Karomah Para Wali

 


Karomah Para Wali

Fenomena karomah telah menjadi bagian integral dalam sejarah spiritual Islam, khususnya dalam tradisi tasawuf dan pesantren. Karomah dipahami sebagai kejadian luar biasa (khâriqul ‘âdah) yang dianugerahkan oleh Allah kepada hamba-hamba-Nya yang saleh. Artikel ini mengulas pandangan Samsul Munir Amin dan Amin al-Qurdi tentang karomah, serta relevansinya dalam konteks modern. Di tengah krisis moral dan menurunnya kewibawaan ulama akibat politik dan globalisasi, pembahasan karomah menjadi penting untuk menghidupkan kembali kesadaran ruhani dan meneguhkan kembali nilai istiqamah para pewaris Nabi.

Karomah merupakan salah satu konsep penting dalam spiritualitas Islam, khususnya dalam dunia tasawuf. Dalam sejarah peradaban Islam, kisah-kisah karomah para wali menjadi inspirasi bagi umat Islam untuk meneladani ketulusan dan kedekatan mereka dengan Allah. Sayangnya, pada era modern, pembahasan tentang karomah sering dianggap tidak relevan, bahkan sebagian kalangan menolaknya karena dianggap tidak rasional. Padahal, sebagaimana ditegaskan para ulama klasik, karomah bukanlah hal asing dalam dunia para salik dan sufi.

Menurut Samsul Munir Amin dalam bukunya Ilmu Tasawuf, mengutip pandangan Amin al-Qurdi dalam Tanwîrul Qulûb, karomah didefinisikan sebagai:

“Sesuatu yang luar biasa (khâriqul ‘âdah) yang tidak dibarengi atau didahului dengan klaim kenabian.”

Dengan kata lain, karomah adalah peristiwa luar biasa yang muncul pada diri seseorang bukan karena ia nabi, melainkan karena kedekatannya dengan Allah.

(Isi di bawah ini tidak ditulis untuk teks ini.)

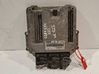 Engine control unit/module 0281014350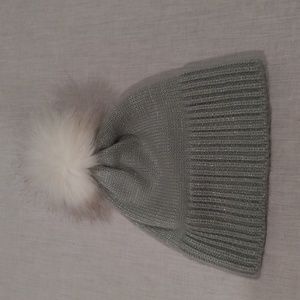 Women's Beanie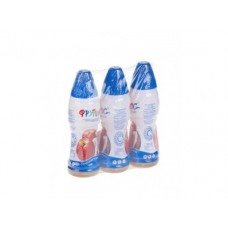 Напиток сокосодержащий FRUITING персик/кокос, 0,430л, 3 штуки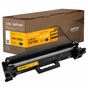Картридж Patron HP LJ CF217A Extra (PN-17AR) - зменшене зображення 1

Amin al-Qurdi menegaskan bahwa orang yang menolak adanya karomah layak dikasihani, sebab penolakan itu menunjukkan kurangnya pemahaman terhadap hakikat kekuasaan Allah. Dalam banyak kitab tasawuf klasik, karomah bukanlah fenomena langka, melainkan bentuk kasih sayang Allah kepada hamba-hamba-Nya yang saleh dan istiqamah.

Para ulama menetapkan beberapa syarat agar suatu peristiwa dapat disebut karomah, di antaranya:

  1. Pelakunya orang yang saleh, bukan ahli maksiat atau penyimpang.

  2. Mengikuti ajaran dan tradisi Rasulullah ﷺ secara istiqamah.

  3. Berakidah lurus, tidak menyimpang dari prinsip tauhid.

  4. Tidak dikuasai oleh syahwat duniawi, karena karomah bukan untuk mencari kedudukan atau popularitas.

Dengan demikian, karomah tidak dimiliki sembarang orang. Ia merupakan buah dari kesalehan dan keikhlasan spiritual.

Dalam tradisi tasawuf, karomah tidak pernah dijadikan tujuan utama. Ia hanyalah efek dari istiqamah dan kedekatan hamba dengan Tuhannya.

Ibnu ‘Athoillah As-Sakandari dalam Al-Hikam menulis:

“Tuhan memberi engkau anugerah semata-mata agar engkau terus berusaha mendekat kepada-Nya.”

Sementara Amin al-Qurdi mengingatkan bahwa menampakkan karomah secara sengaja justru menandakan kelemahan spiritual seorang salik, kecuali jika dilakukan untuk kemaslahatan umat atau ketika eksistensi agama sedang terancam.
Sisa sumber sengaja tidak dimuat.